The wells folks dug couldn't solve it. The windmills spinning in that South Texas wind couldn't solve it either. The land had promise, but without water, promise is just a dry dream blowing through the brush.
Then came 1910. Right here at this site, on his own ranch, a man named Joseph Cotulla decided to go looking for water where nobody else had thought to look — or maybe thought to look and didn't dare. He drilled down.
Past the caliche, past whatever lay beneath that, past the point where any reasonable person might have called it a fool's errand. Two thousand, two hundred feet. That's the number on the marker, and you sit with that a moment.
Two thousand two hundred feet straight down into the earth. And what Joseph Cotulla — born in 1844, died in 1923 — what that man found down there was artesian water. Not water you had to pump.
Water that came up on its own, as if the land had been holding its breath all those years and finally let it out. The well provided amply for his household, his livestock, his irrigated fields. Ample.
That word would have sounded like a miracle in La Salle County in 1910. And the story didn't stay on Cotulla's ranch. His success led the city of Cotulla to bore its own artesian wells, and from there came prosperous civic growth.
One man, one site, two thousand two hundred feet — and a whole county started breathing again. Joseph Cotulla's well right here kept flowing for fifty-two years. It wasn't capped until 1962.

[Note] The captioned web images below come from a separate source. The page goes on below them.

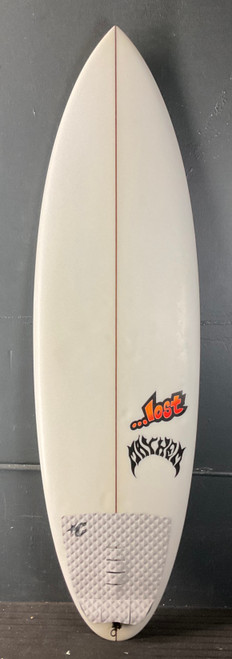 5’8” Lost “Quiver Killer” 28.0L Used Surfboard #44946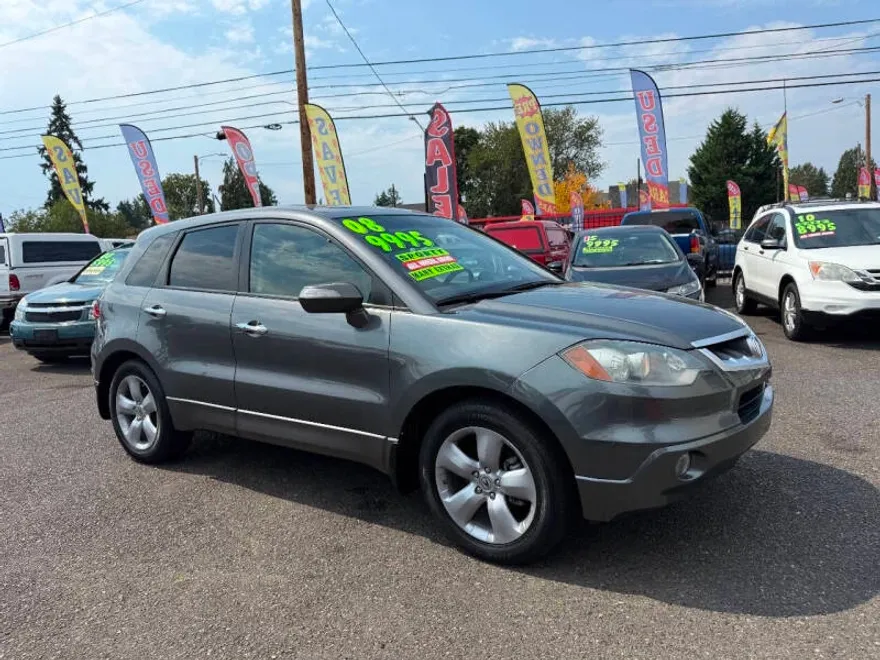 2008 Acura RDX Technology photo 1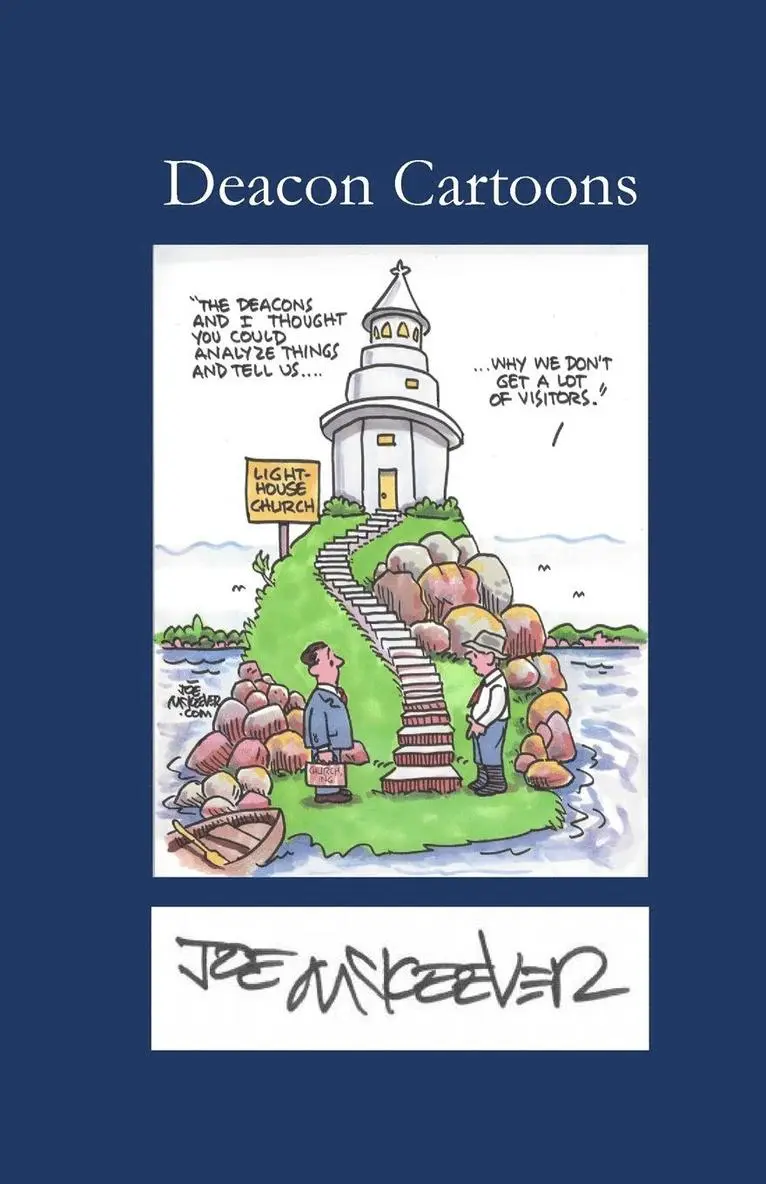 Joe McKeever - Deacons Cartoons, Häftad. Tillgänglighet: Lägg i varukorg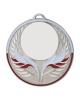 Medal metalowy srebrny M19/S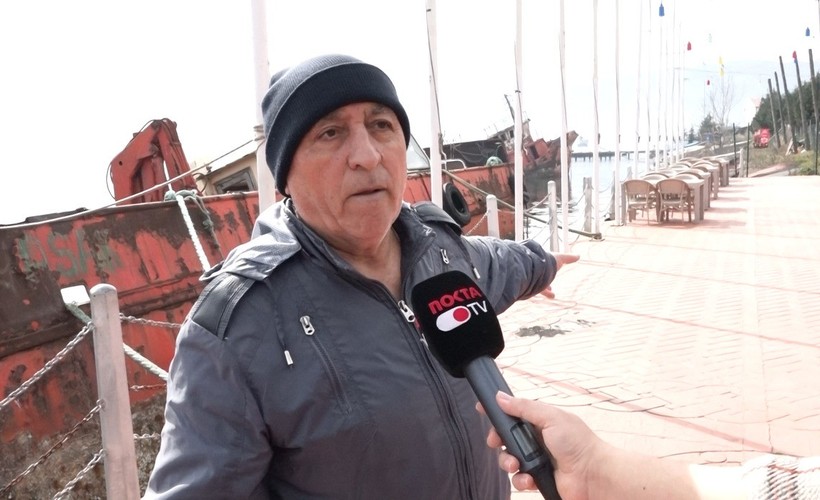 Hurda gemiler Körfez’in başına bela oldu! Bir türlü kurtulamadılar - Resim : 3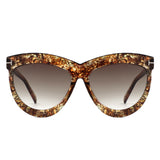 HS1361 - Women Chic Cat Eye Fashion Wholesale Sunglasses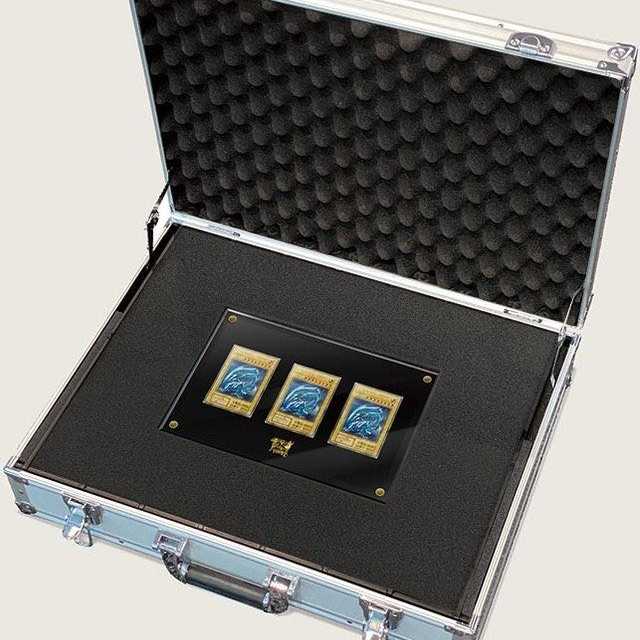 25th ANNIVERSARY ULTIMATE KAIBA SET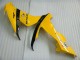 Carene Yamaha R1 04-06 - Giallo Carene Yamaha R1 04-06 - Giallo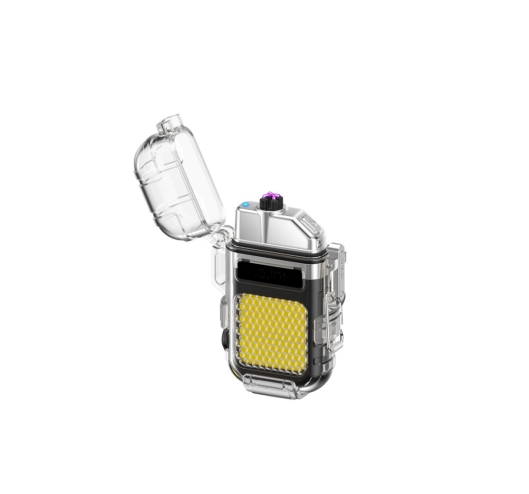 Mini Rechargeable Plasma Light COB LED Task Light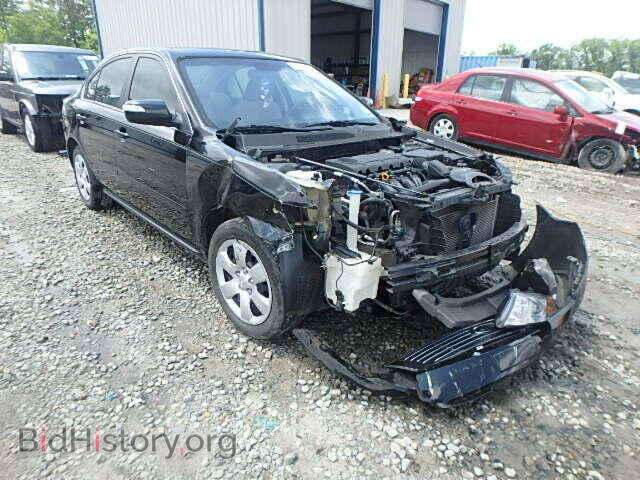 Фотография KNAGG4A84A5411537 - KIA OPTIMA 2010
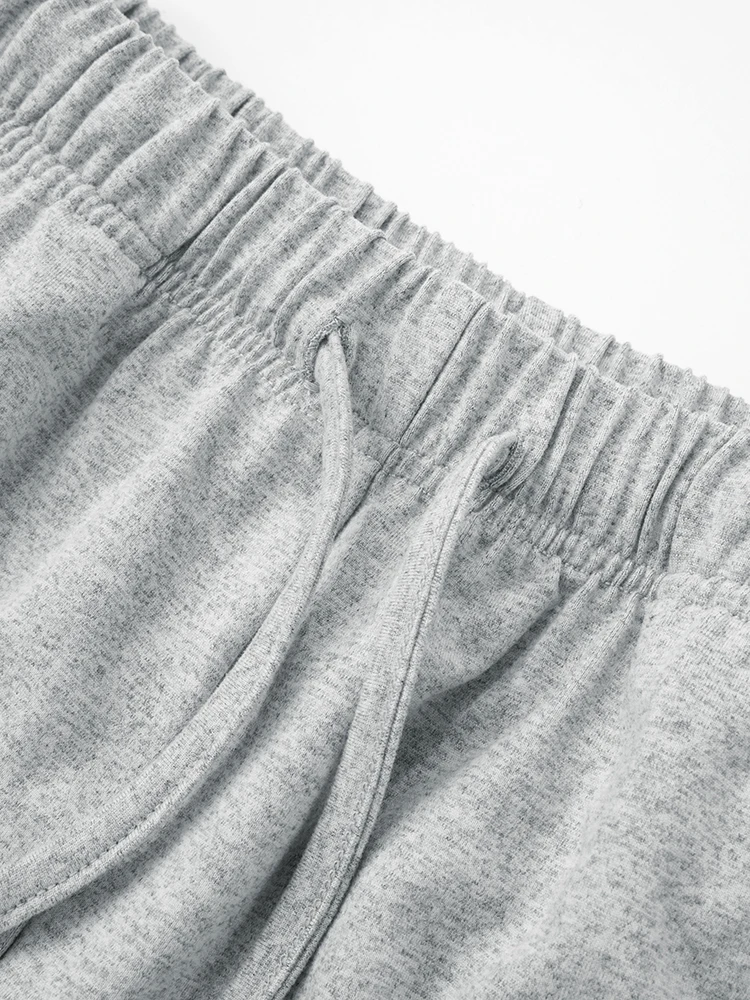 Minimalistisk afslappet outfit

Fifty-two years of water rising up out of the deep dark earth, doing exactly what it was put there to do. Some wells just know their purpose.
What the marker says
For many years, water scarcity stunted settlements in La Salle County. Wells and windmills failed to solve the problem. In 1910 at this site, Joseph Cotulla (1844-1923) explored and brought in artesian water from a depth of 2200 feet. Situated on his own ranch, the well provided amply for his household, livestock, and irrigated fields. His success led the city of Cotulla to bore its own artesian wells and generate prosperous civic growth. Joseph Cotulla's well at this site flowed for 52 years, until capped in 1962.